In 2nd grade my science fair project consisted of me explaining the difference between African American hair & Caucasian hair. I even had mannequin heads for my experimental procedure. Sounds complex for a 7 year old right? However, it was completely normal for my family. I basically grew up in the beauty shop. My mom taught cosmetology for 17 years, so it was normal for me to be surrounded by the fumes of burning hair, potent leave-in-conditioner, and the rich conversational topic of hair.
I confidently explained to my classmates how majority of Caucasian’s hair is naturally straight, so they use a perm to make their hair curly, and how the majority of African American’s hair is curly, so we use a perm to make it straight. Yep, I encountered my first perm at the age of 7, and from then on out it was second nature for me. I didn’t think twice of why I had to endure putting the white stuff that burned my scalp on my head every few months.
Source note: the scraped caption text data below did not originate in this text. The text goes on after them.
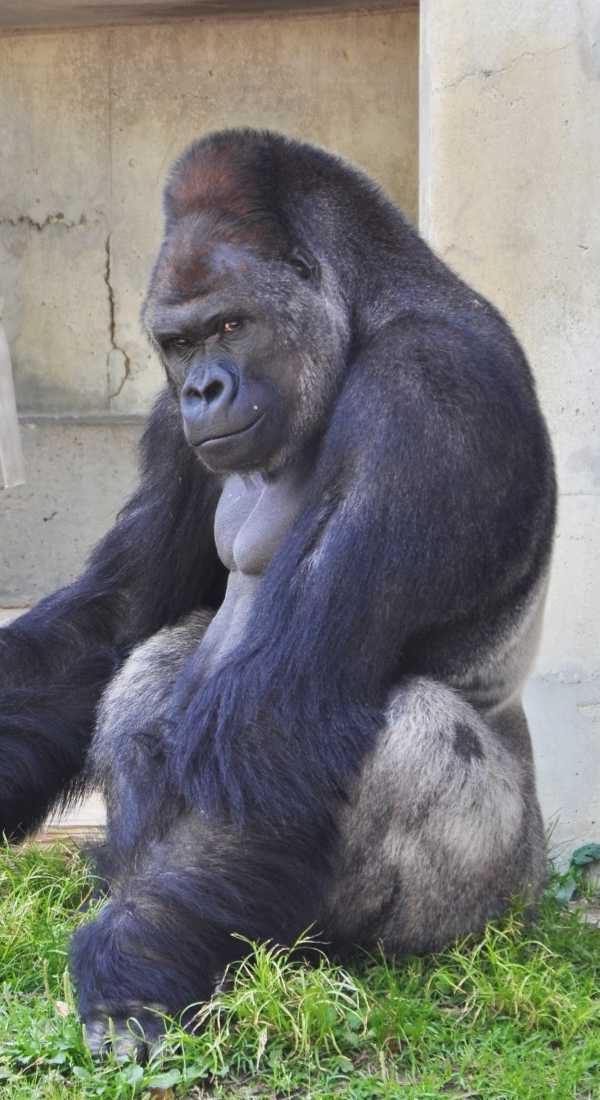 handsome-gorilla-8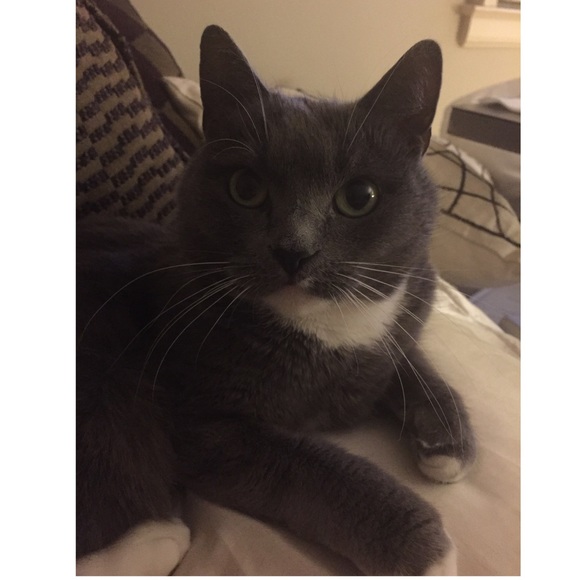 Meet your Posher, Renee - Picture 5 of 7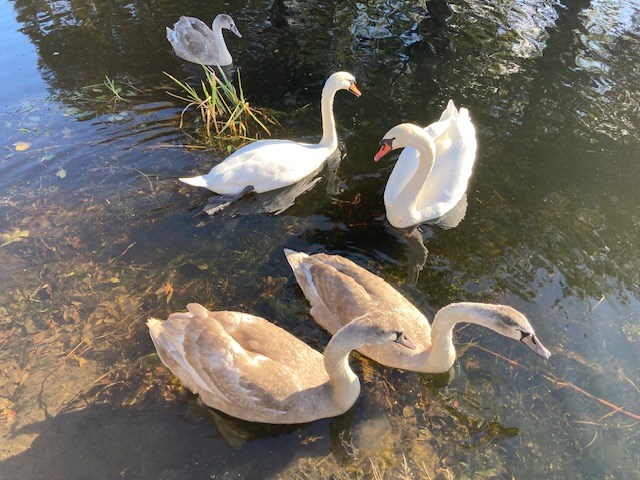 At Forth and Clyde Canal
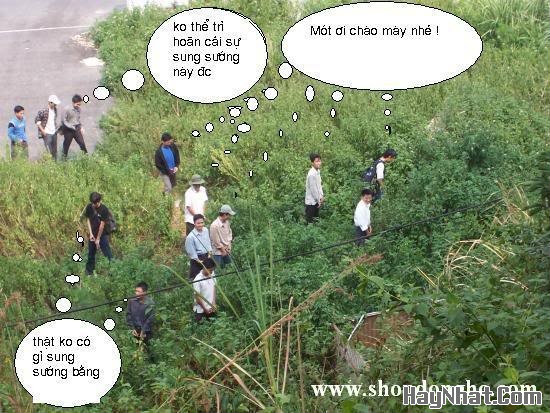 Ảnh vui, Hình Vui, Tranh vui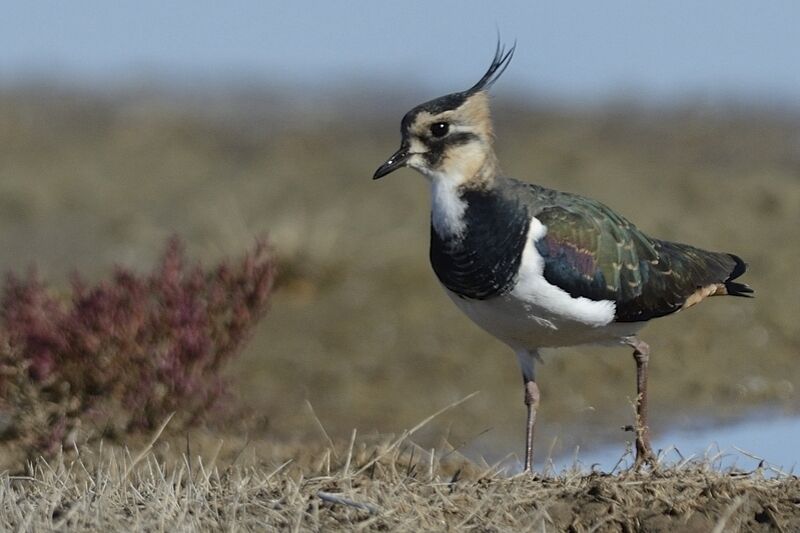 Northern Lapwingadult post breeding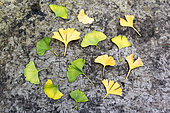 Ginkgo Biloba leaves, autumn, Somme, France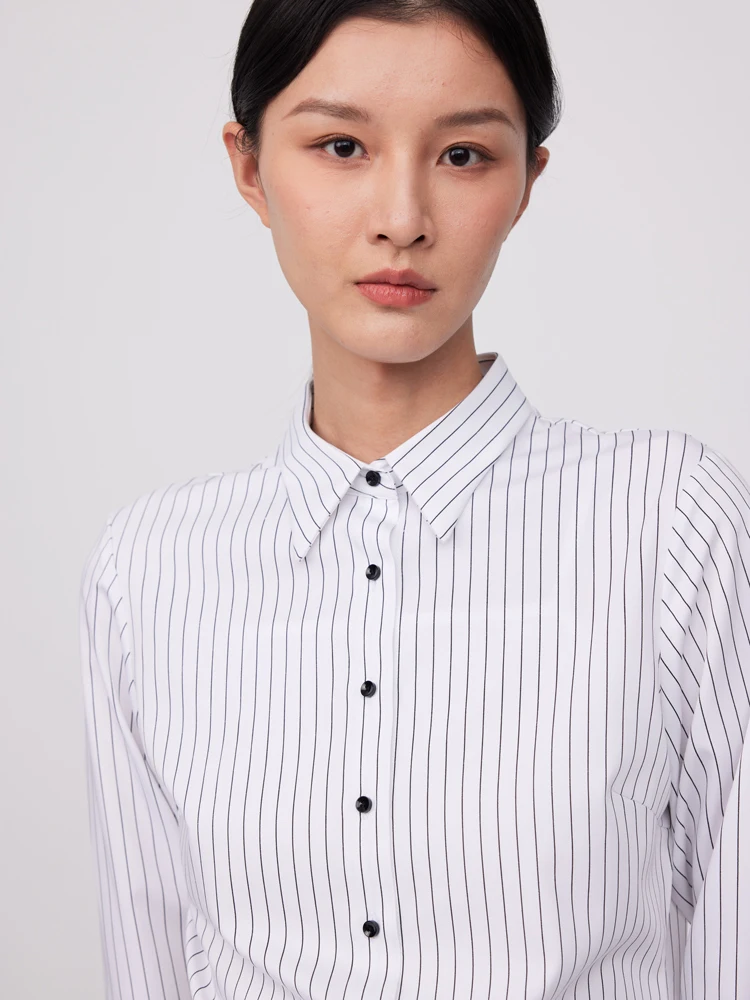 Non-iron Long Sleeve Striped Shirt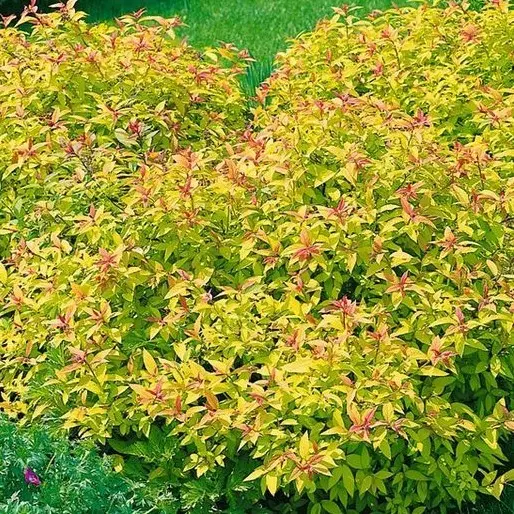 Jaapani enelas 'Goldflame' C5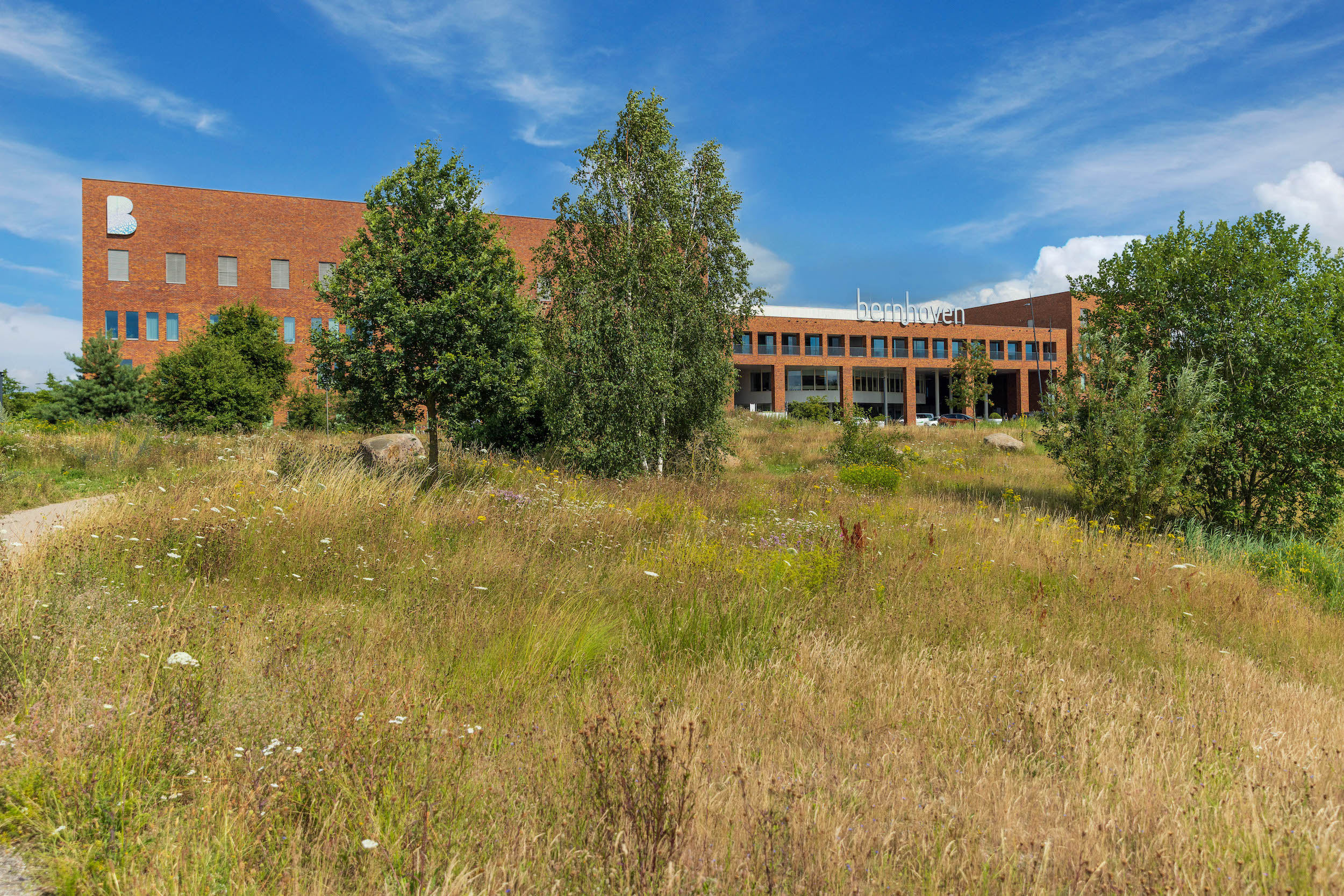bloed prikken bernhoven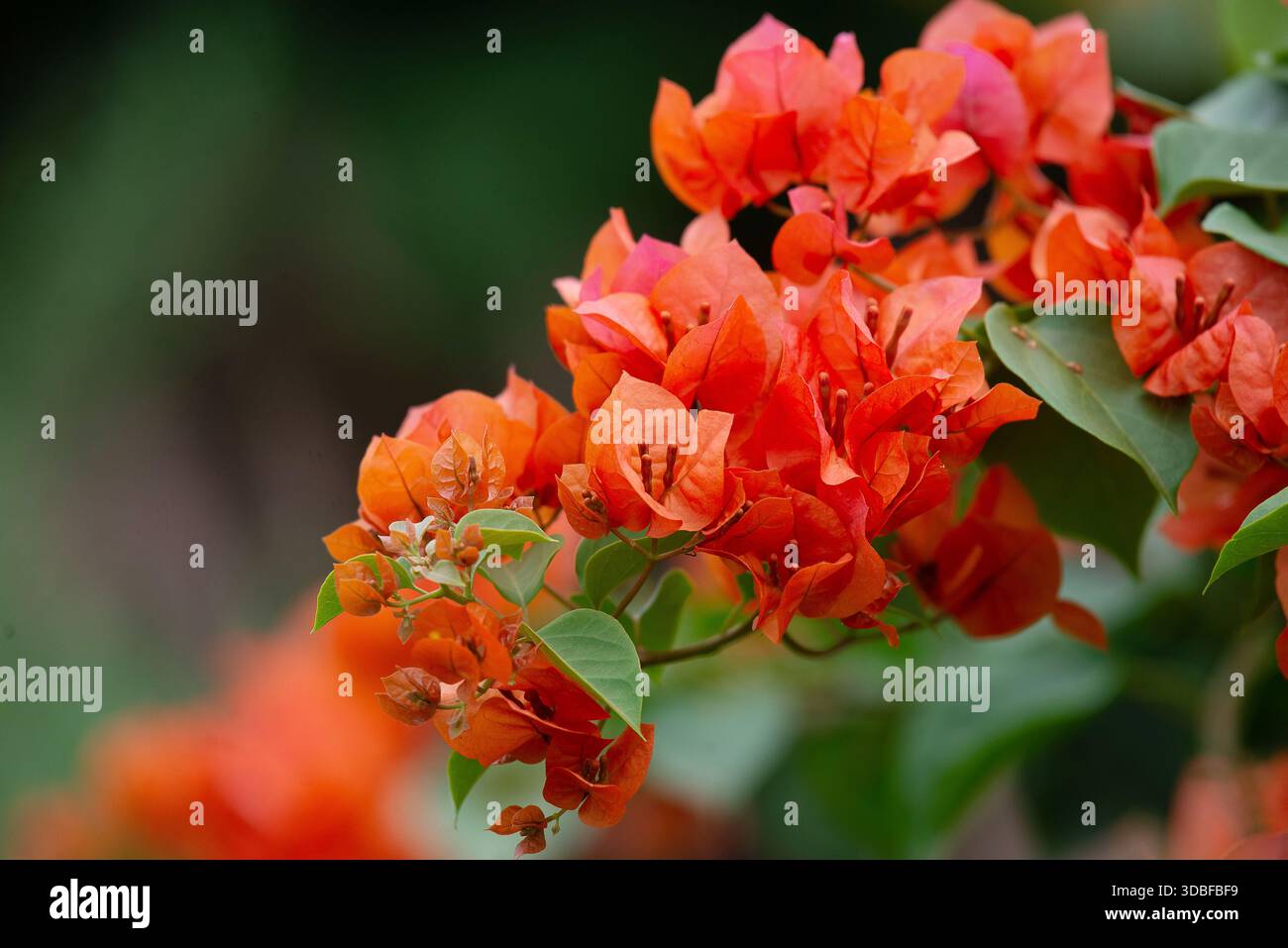 Bouganvillea glabra- Bougainvillea Foto Stock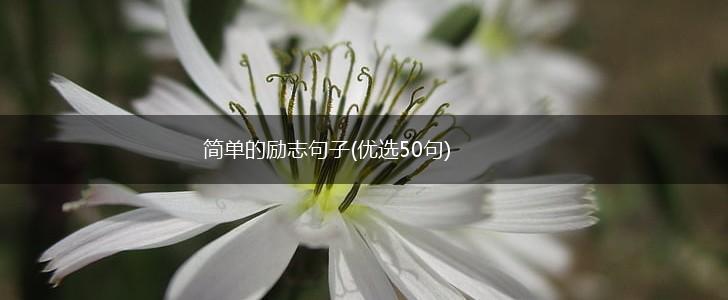 简单的励志句子(优选50句),第1张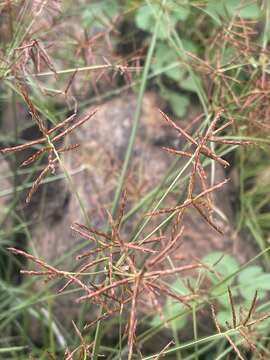 Imagem de Cyperus fulgens C. B. Clarke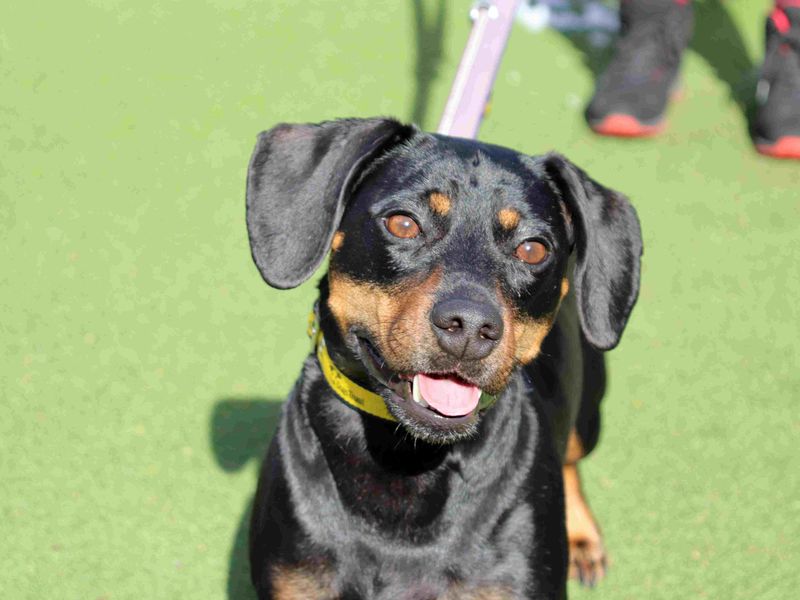 Otto | Dachshund (Smooth Haired) Cross | Glasgow - 2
However, I must admit I enjoyed how it transformed my hair from looking like the main of a lion, to sleek and smooth. At a young age I was being conditioned to hide my curls. In retrospect, I can only think of one generation that truly embraced curls (until now). The thought of loving our curls was an advanced way of thinking. I am surprised to see the Virgin Hair Dallas collections where extensions are available for everyone, be it curls or straight or wavy. Happy to know that people all across the globe are now on the course of achieving styles that suit them, and not what the exisiting culture tries to instil within them.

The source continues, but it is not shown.